Work through the listing below and give again exactly the lines from the one with "Buy in Stock" to the one with "Vatican G&G Suites Рим", both ends included. All other lines and all pictures stay out.

Exercise inputs
# # #

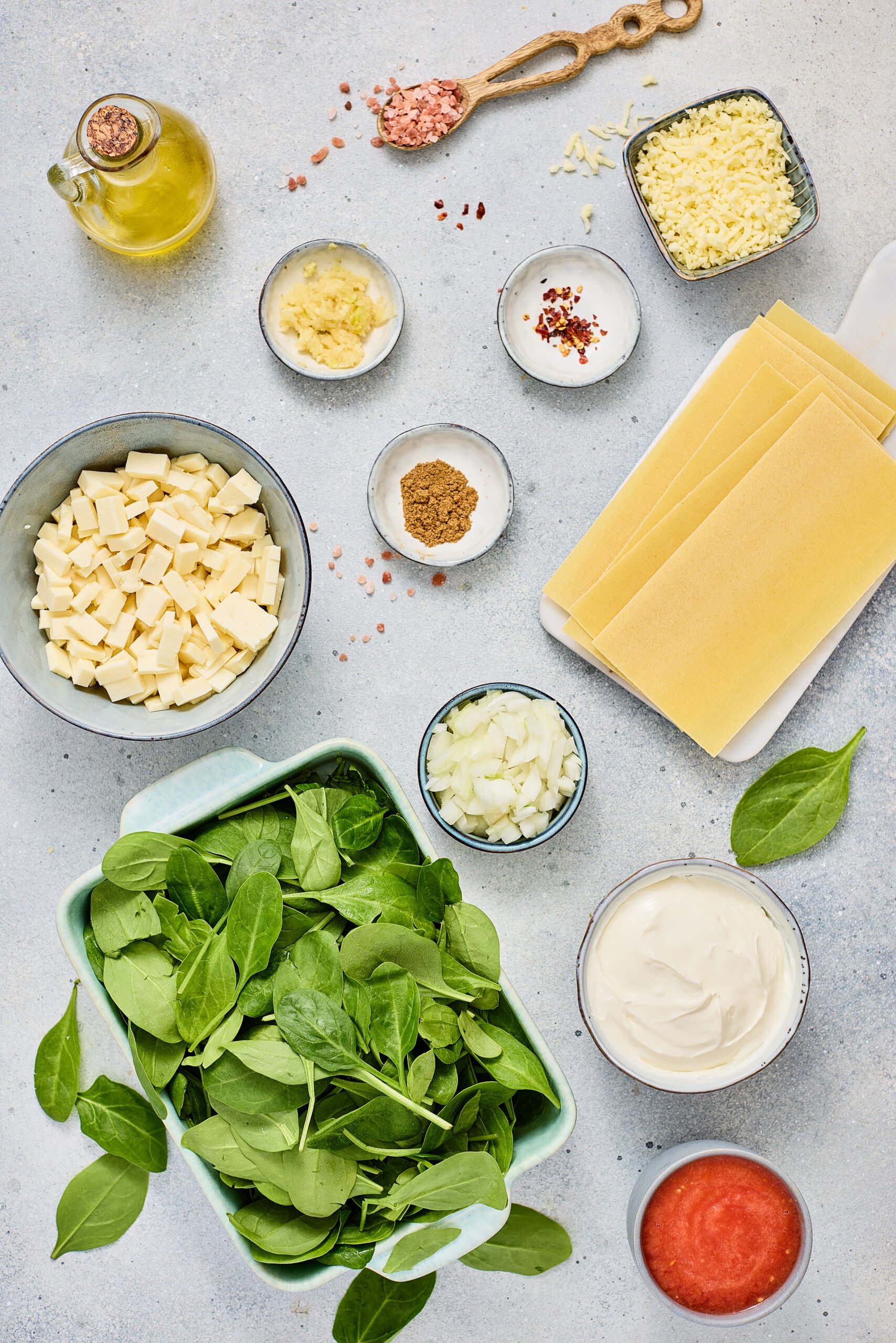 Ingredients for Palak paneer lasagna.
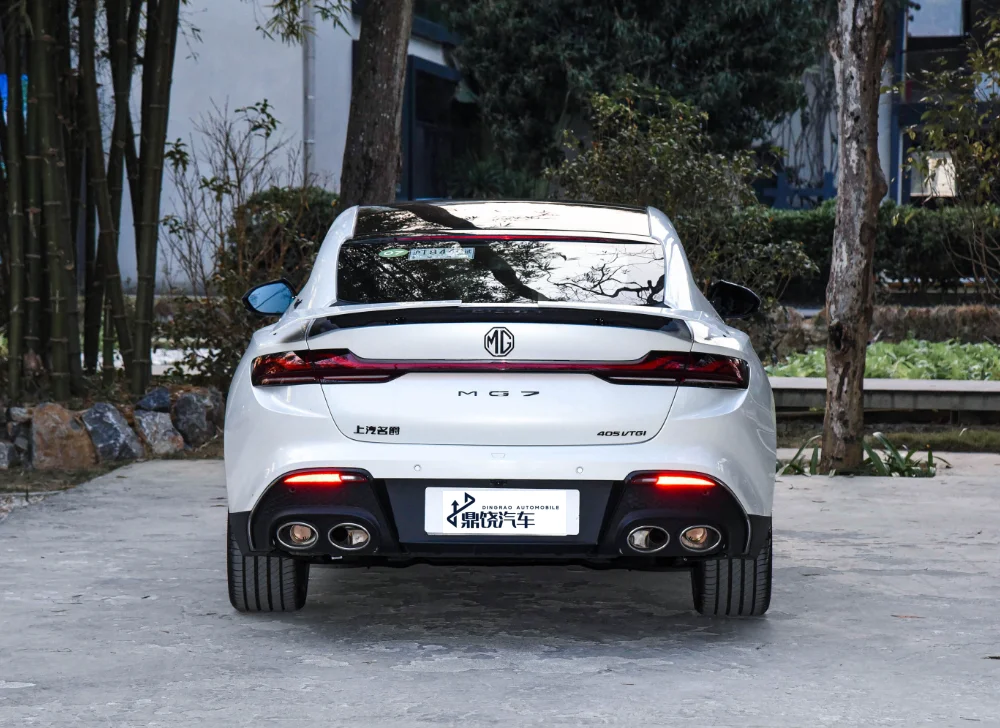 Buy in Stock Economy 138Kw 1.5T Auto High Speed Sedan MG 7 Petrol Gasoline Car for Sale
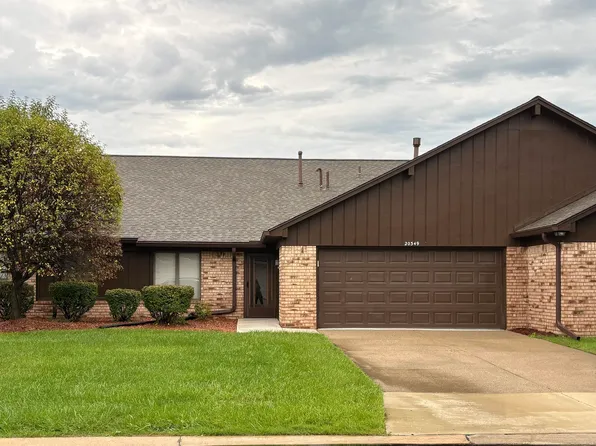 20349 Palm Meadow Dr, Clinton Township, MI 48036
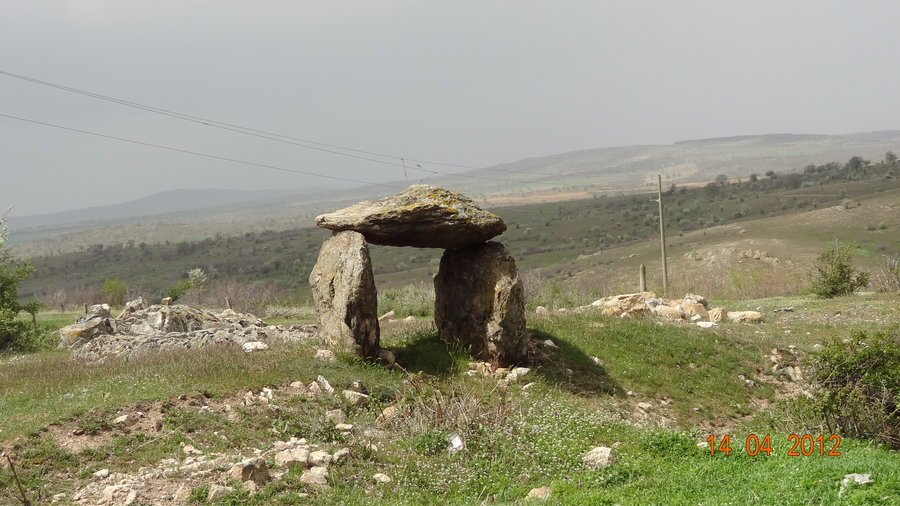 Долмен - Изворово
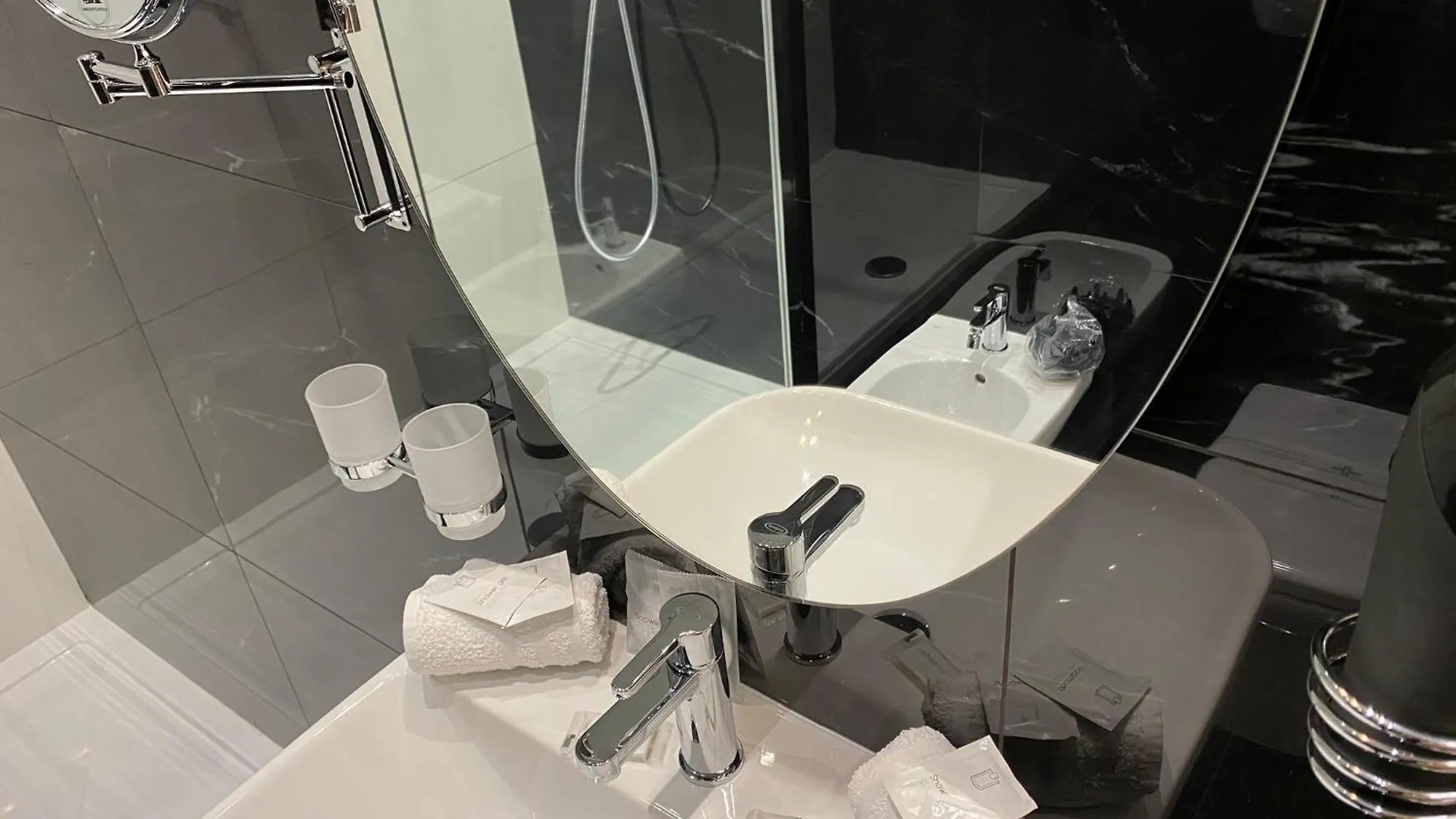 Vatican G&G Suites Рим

# # #

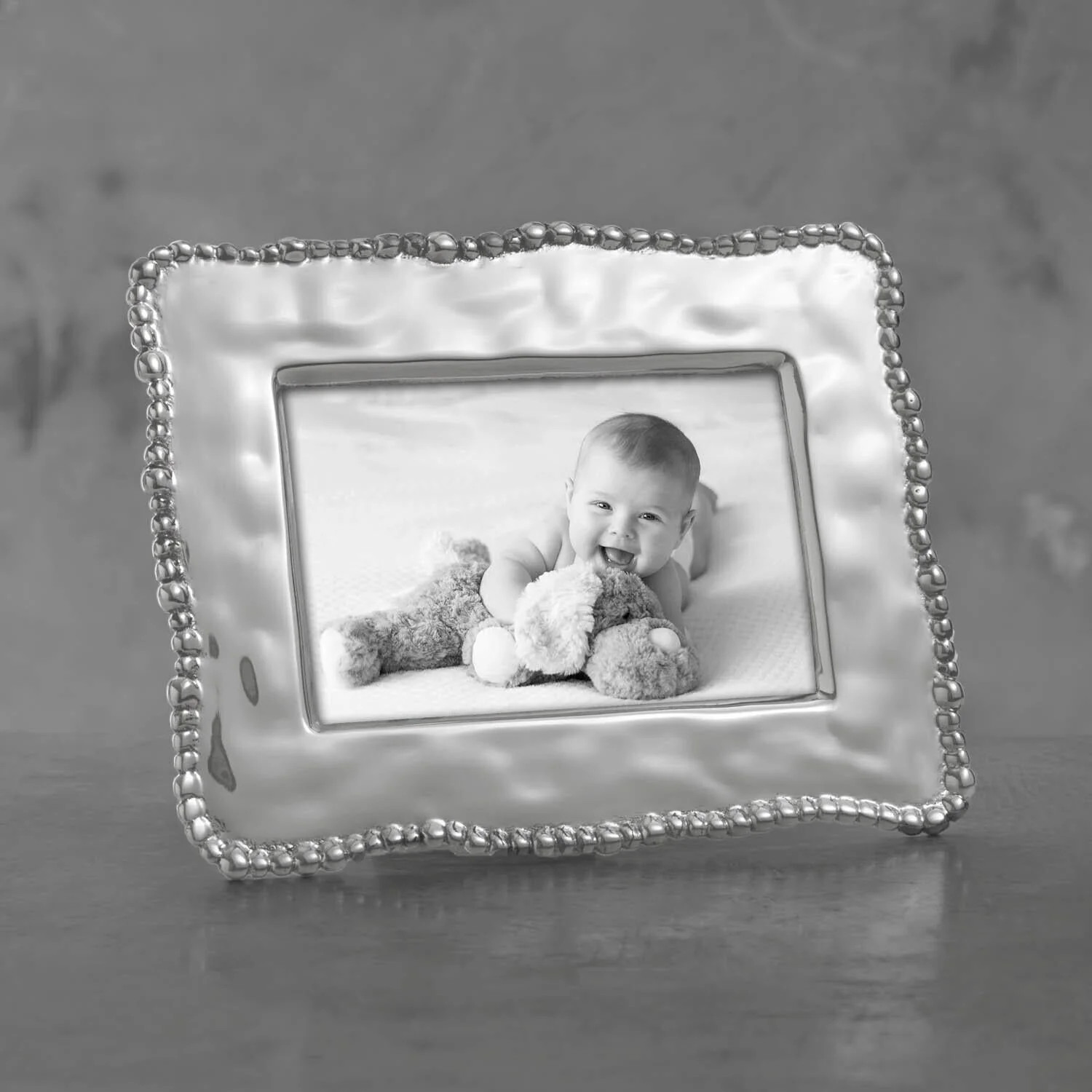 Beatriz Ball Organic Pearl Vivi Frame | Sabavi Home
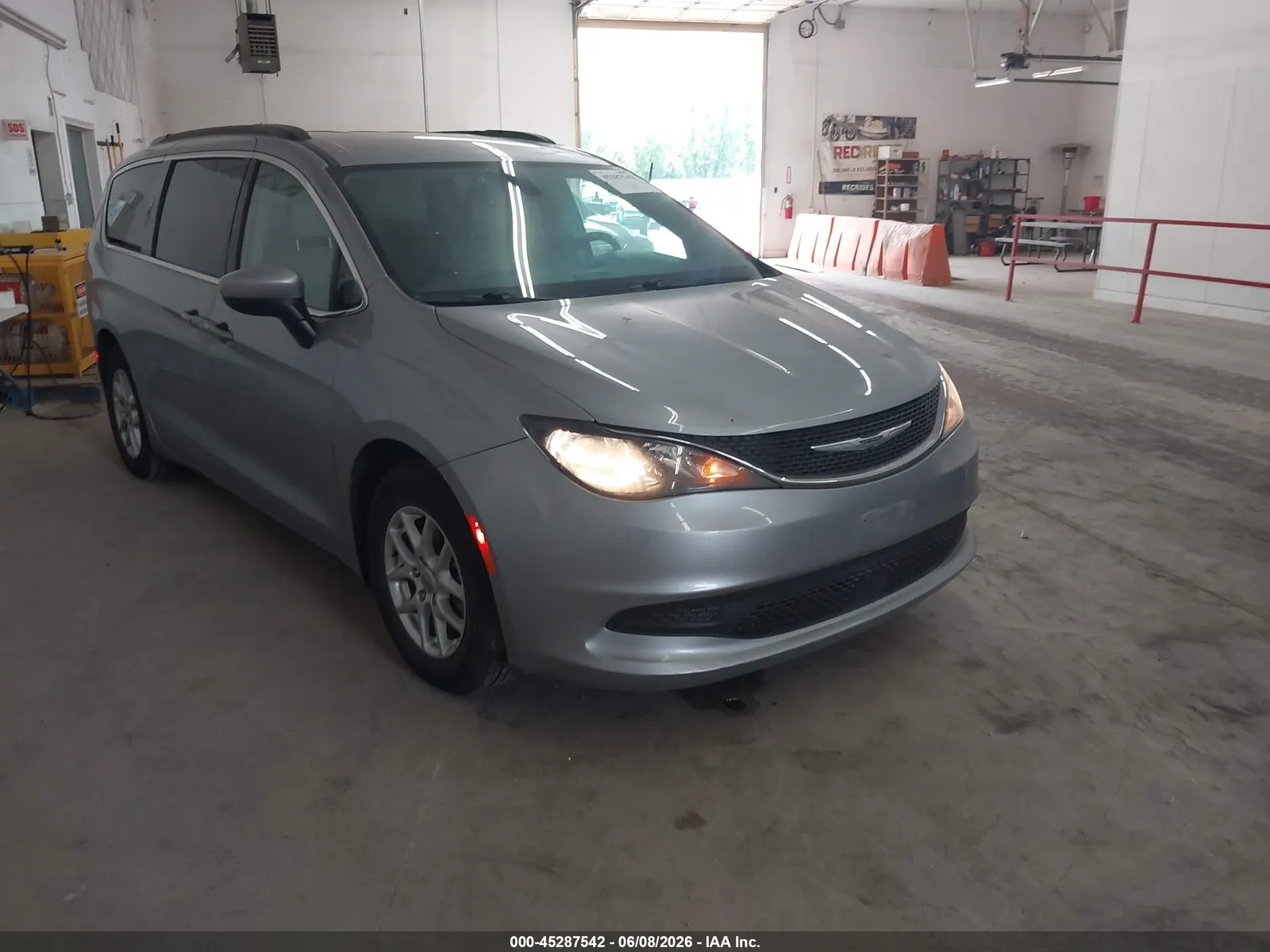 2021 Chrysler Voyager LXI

# # #

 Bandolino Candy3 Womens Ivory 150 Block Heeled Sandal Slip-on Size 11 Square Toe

# # #

Response to the task
 Buy in Stock Economy 138Kw 1.5T Auto High Speed Sedan MG 7 Petrol Gasoline Car for Sale
 20349 Palm Meadow Dr, Clinton Township, MI 48036
 Долмен - Изворово
 Vatican G&G Suites Рим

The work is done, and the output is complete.